### YOUR TASK
Which lines of the data hold the word "Illustration"? Copy all of them.

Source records
◆ ◆ ◆ ◆

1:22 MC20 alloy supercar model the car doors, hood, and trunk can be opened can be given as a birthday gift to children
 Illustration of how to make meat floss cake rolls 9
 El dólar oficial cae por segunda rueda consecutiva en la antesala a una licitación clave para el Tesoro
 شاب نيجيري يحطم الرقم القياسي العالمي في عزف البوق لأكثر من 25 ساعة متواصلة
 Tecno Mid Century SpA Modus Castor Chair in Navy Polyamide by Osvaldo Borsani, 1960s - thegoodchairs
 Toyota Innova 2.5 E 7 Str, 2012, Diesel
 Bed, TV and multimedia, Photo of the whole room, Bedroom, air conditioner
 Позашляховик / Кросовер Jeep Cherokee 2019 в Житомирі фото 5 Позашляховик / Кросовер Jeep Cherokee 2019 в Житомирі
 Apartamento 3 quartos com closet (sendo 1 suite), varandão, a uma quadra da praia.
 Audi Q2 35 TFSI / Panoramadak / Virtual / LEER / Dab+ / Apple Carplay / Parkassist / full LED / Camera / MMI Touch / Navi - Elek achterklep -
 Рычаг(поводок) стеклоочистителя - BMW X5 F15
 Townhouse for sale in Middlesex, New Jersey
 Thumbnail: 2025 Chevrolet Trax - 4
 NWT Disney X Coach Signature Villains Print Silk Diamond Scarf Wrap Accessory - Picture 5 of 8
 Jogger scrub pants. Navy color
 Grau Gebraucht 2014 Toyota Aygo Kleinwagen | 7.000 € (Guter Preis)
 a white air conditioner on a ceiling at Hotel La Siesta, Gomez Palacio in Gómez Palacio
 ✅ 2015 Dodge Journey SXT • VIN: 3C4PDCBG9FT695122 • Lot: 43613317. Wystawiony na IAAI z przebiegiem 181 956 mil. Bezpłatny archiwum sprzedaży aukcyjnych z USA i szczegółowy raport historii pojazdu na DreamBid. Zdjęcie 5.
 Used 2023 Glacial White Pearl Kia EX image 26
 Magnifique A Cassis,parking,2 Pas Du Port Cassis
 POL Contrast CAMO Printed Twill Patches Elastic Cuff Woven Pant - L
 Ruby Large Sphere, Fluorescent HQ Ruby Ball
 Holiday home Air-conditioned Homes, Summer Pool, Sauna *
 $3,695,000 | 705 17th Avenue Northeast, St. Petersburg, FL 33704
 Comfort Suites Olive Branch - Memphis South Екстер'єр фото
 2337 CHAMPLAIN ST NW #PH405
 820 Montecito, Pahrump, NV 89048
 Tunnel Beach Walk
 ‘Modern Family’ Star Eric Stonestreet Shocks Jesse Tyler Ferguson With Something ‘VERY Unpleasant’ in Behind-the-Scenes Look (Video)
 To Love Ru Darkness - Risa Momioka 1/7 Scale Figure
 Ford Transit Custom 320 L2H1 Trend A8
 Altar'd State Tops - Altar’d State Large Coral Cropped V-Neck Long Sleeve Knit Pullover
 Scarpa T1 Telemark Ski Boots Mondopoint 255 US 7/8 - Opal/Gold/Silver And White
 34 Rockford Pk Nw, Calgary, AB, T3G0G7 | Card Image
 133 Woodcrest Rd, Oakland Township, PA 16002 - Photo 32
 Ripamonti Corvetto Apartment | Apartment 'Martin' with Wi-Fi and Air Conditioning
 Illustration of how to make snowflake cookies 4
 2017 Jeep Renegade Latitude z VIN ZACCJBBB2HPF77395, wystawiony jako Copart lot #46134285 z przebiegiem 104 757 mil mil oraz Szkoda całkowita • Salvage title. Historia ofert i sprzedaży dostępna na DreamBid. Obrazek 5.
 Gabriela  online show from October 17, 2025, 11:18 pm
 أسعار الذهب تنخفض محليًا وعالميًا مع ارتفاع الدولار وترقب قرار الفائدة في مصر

◆ ◆ ◆ ◆

### THE ANSWER
 Illustration of how to make meat floss cake rolls 9
 Illustration of how to make snowflake cookies 4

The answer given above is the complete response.